For fully automated chemical facilities (typically found in continuous process facilities like refineries) an instantaneous change to manual operation would not be possible. The lack of analog gauges and local sensor readouts and the relatively inaccessible manual controls would make it physically impossible for operators to coordinate the operation of the connected portions of the process in real time.

Safety Effects

Again, properly designed and implemented safety systems would be expected to stop any catastrophic consequences of sudden loss of control in chemical manufacturing systems. There were a number of very important qualifiers in that previous sentence.
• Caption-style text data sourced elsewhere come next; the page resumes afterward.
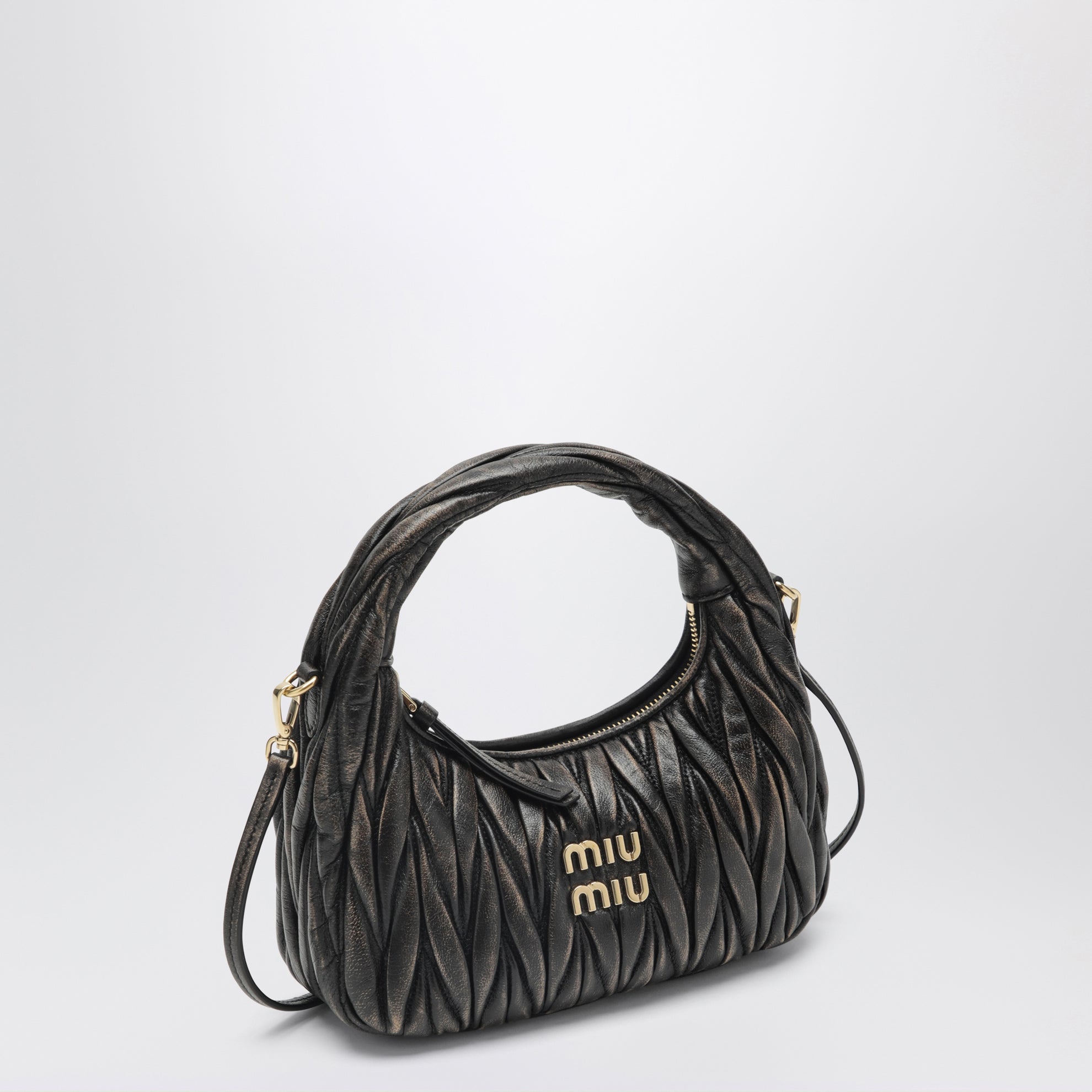 Coffee Wander Tasche aus gestepptem Nappaleder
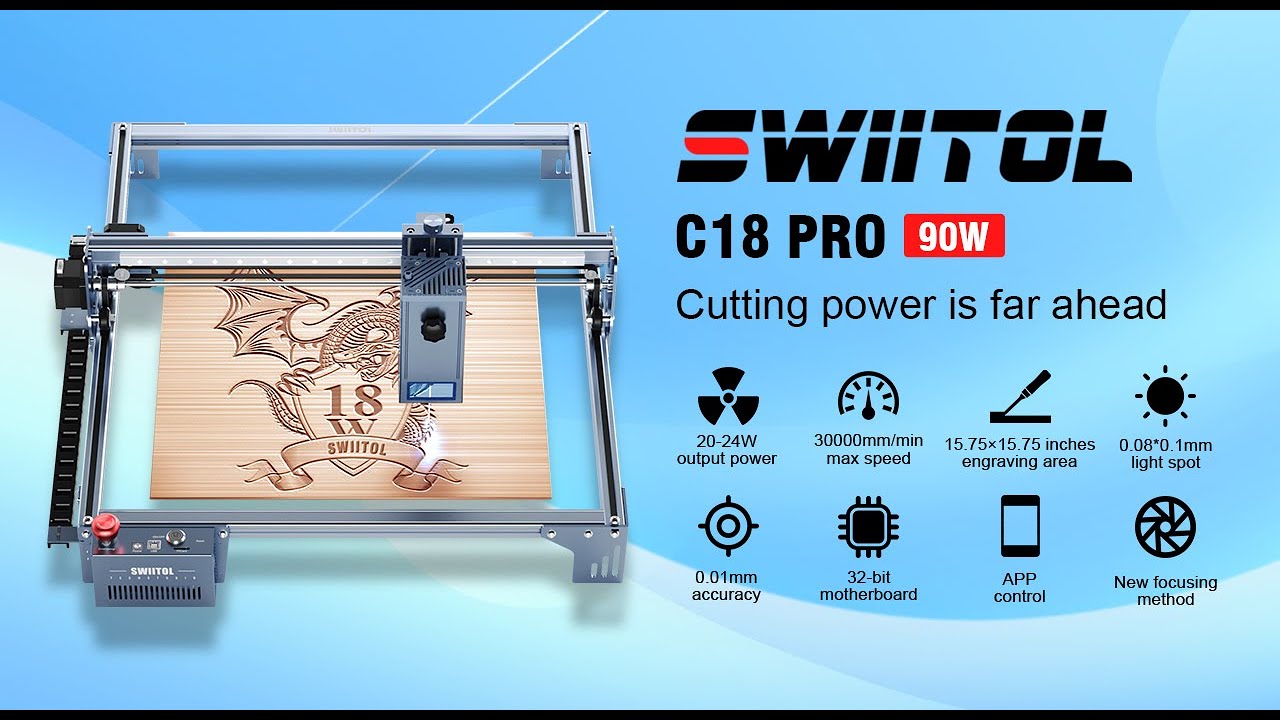 Swiitol C18 Pro: una grabadora láser muy completa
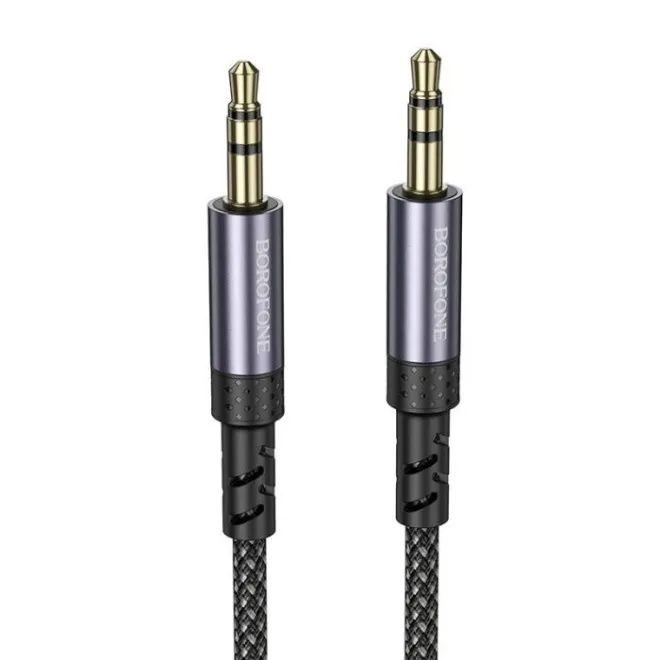 CABLU AUDIO Borofone "BL24", 1 x Jack 3.5mm (T) la 1 x Jack 3.5mm (T), lungime cablu 1m, negru "6941991118968" (timbru verde 0.18 lei)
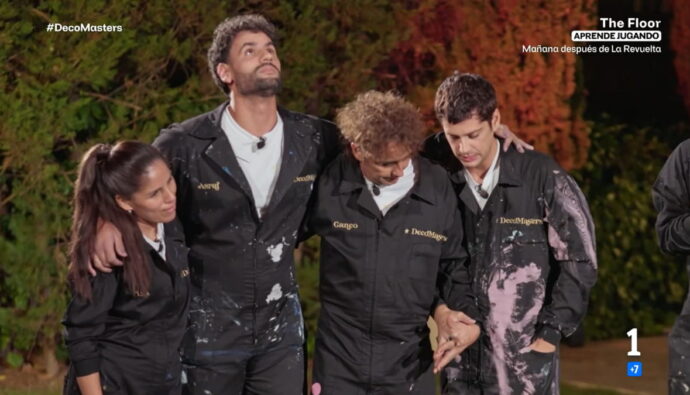 Isa Pantoja, Asraf Beno, Canco Rodríguez y Edu Casanova en 'DecoMasters'.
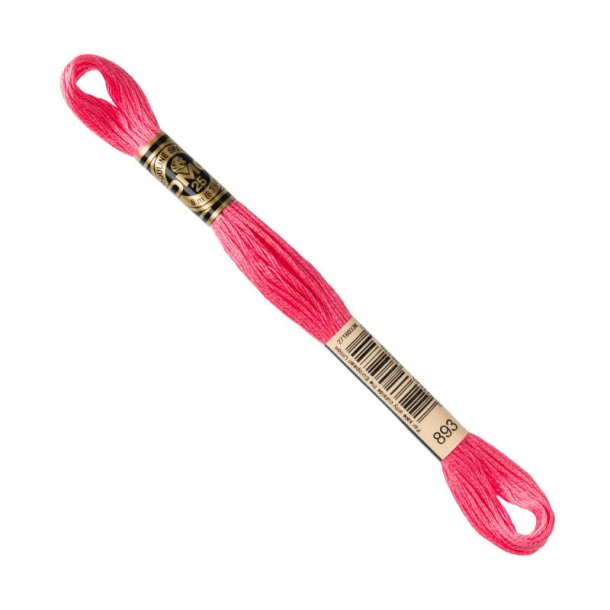 DMC Broderigarn - Nr 893 - Rosa - 8 m.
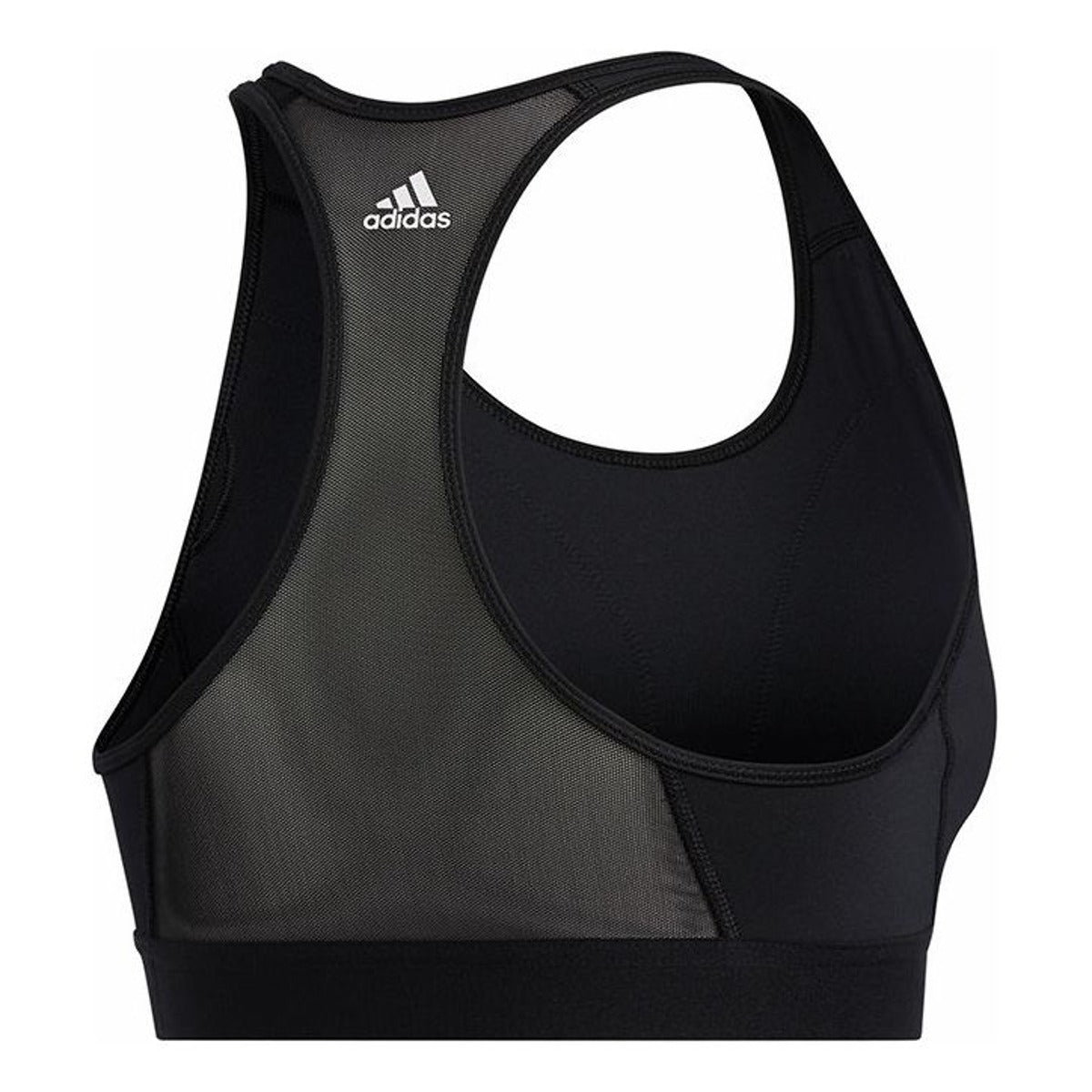 Топ (WMNS) adidas DRST ASK P 3-Stripe 'Black White' — фото 2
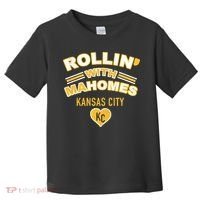 Rollin With Mahomes Kansas City Toddler T-Shirt thumb 0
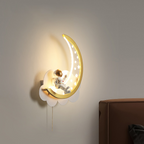 Hazel Crescent - Moon Nursery Light Fixture Childrens Lighting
The major problem with designing safety systems is that it is very difficult to completely understand catastrophic failure modes in a manufacturing environment.

Typically, one has to use lab scale data to understand the physical parameters of those failure modes (NO ONE wants to do FULL SCALE testing of such failure modes) and then apply various models to try to scale up those test results to be able to plan for preventive actions to stop or mitigate the failures. No matter how sophisticated the modeling efforts they are, in the end, based upon educated guesses as to how the system will behave. Then systems are designed to try to best control those failure modes. And, it is not generally acceptable to really test those systems to see how they actually work in practice (in the emergency environment).

The OCIA Statement

The OCIA statement that started this discussion is almost certainly not based upon any survey of the chemical industry. It is a reasonable brief attempt by outsiders with a non-chemical manufacturing background to categorize the potential consequences of a non-chemical emergency event on generic chemical manufacturing.

If I were to attempt to reword this statement from a chemical manufacturing process point of view, it would read something like this:

“Chemical manufacturing facilities should have safety systems in place to contain catastrophic consequences in the event of loss of control. The efficacy of those systems and their operation in an instantaneous loss of computer control situation would have to be evaluated on a case-by-case basis. Continued commercial production without replacing/fixing affected computer based process controls could be possible is some unknown number of facilities. It would be difficult to accurately predict which facilities could continue commercially viable production.”